At the same time, some prisoners were pleased that Manafort hadn’t been doomed to death behind bars, finding a bright spot in the fact that an American judge enjoyed discretion in the first place.
“With Manafort receiving a sentence well below what the federal guidelines called for despite the circumstances of his case, and the government’s stance that they wanted to bury Manafort in a federal prison for 24 years, [it] shows that federal judges have the discretion now to give offenders a second chance. But most don’t,” Andre Cooper, a man serving three life sentences in Maryland for racketeering, drug dealing, and homicide, told VICE in an email. “We congratulate Manafort and the federal judge. No federal offender wants to see another person get buried by the system regardless if you’re rich or not. We just ask for fair justice around the board.”
Nicholas “Sawed Off” McDougall, who’s serving 12 years in federal prison in Indiana for armed robbery, likewise deemed Manafort’s sentence appropriate.
“I find Manafort’s sentence to be fair—he did financial crimes, that’s not the same as putting a 12 gauge in someone’s face,” he told VICE. “These other trials awaiting Manafort will most likely add a few years to his sentence, but he’ll be fine. Seven months in solitary has probably been rough on him… When he actually gets to a prison yard, his outlook will be more positive, and he probably won’t be in that damn wheelchair, either.”
Sawed Off touched on a key point for those despairing at Manafort’s sentence to bear in mind: He’s still facing more time, looking at as many as ten additional years being added to his sentence. While it remained to be seen if that time were imposed concurrently—as an extension of his bid—or consecutively (that is, running simultaneously), I can tell you from 21 years of experience that even a few years for an old guy like that is no joke.
Then again, the prospect of a pardon loomed. Damon Helton, who’s doing 30 years for a continuing criminal enterprise charge in Indiana, couldn’t help lamenting the state of the political and justice systems in America generally, even as he specifically looked ahead to Manafort possibly getting bailed out.
“It would be easy for me to say that this is a case of ‘white privilege,’ but it goes deeper than that,” Helton told VICE. “All of these people—media heads, politicians, judges, celebrities—they are all part of this cabal and they look out for one anther.
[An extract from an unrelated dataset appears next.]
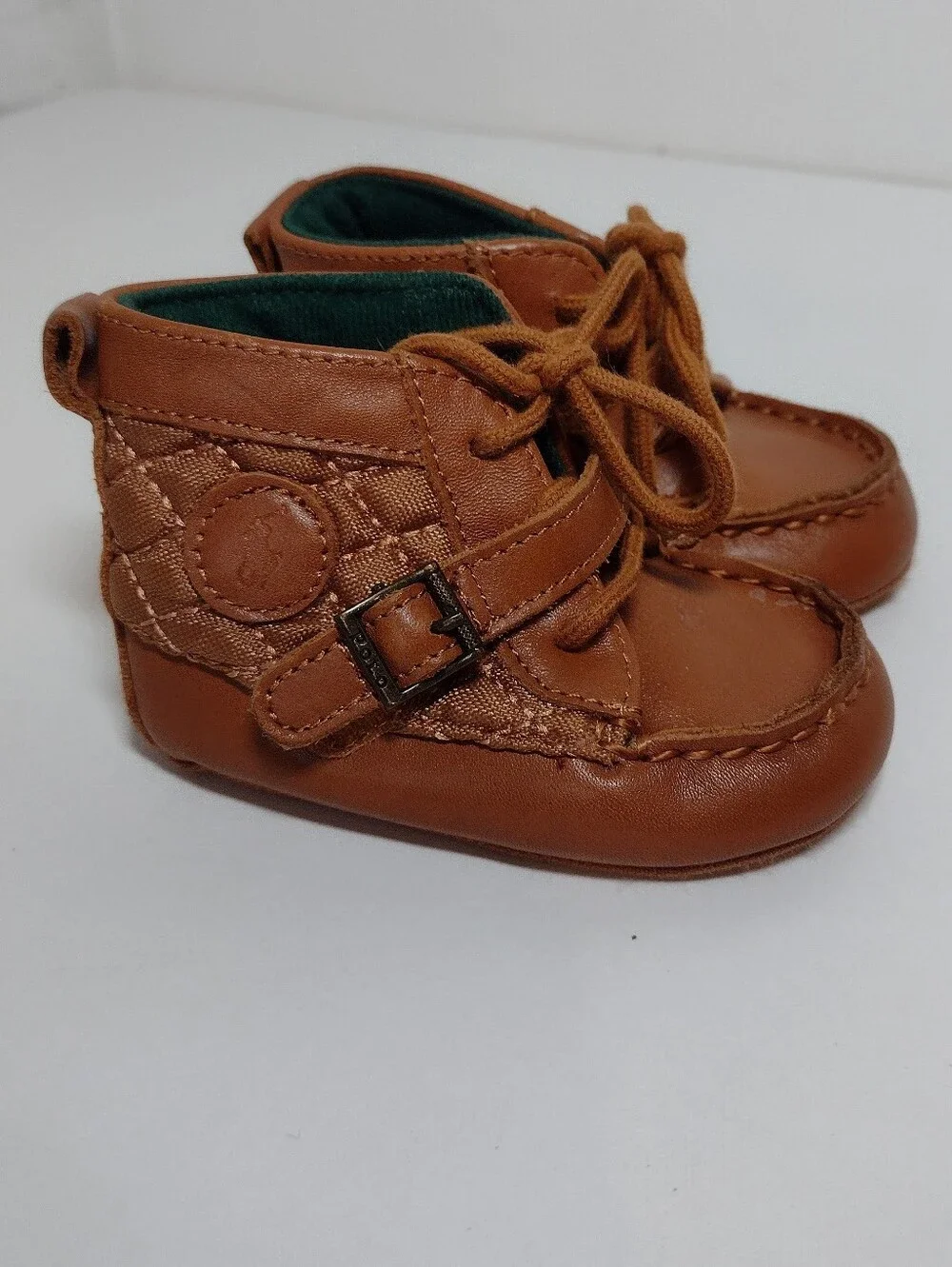 Ralph Lauren Tan Brown Quilted Moccasin-Style Kids Boots Size (3)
Oh, Trump threw a wrench in the game, and so has Alexandria Ocasio-Cortez, but even they get sucked in to this system and they are all one and the same.”
“Manafort is a part of them,” Helton added. “He will probably end up getting some more years tacked onto his time, but Trump will pardon him and the state of New York will leave him alone in the end. Only the non-connected do real time.”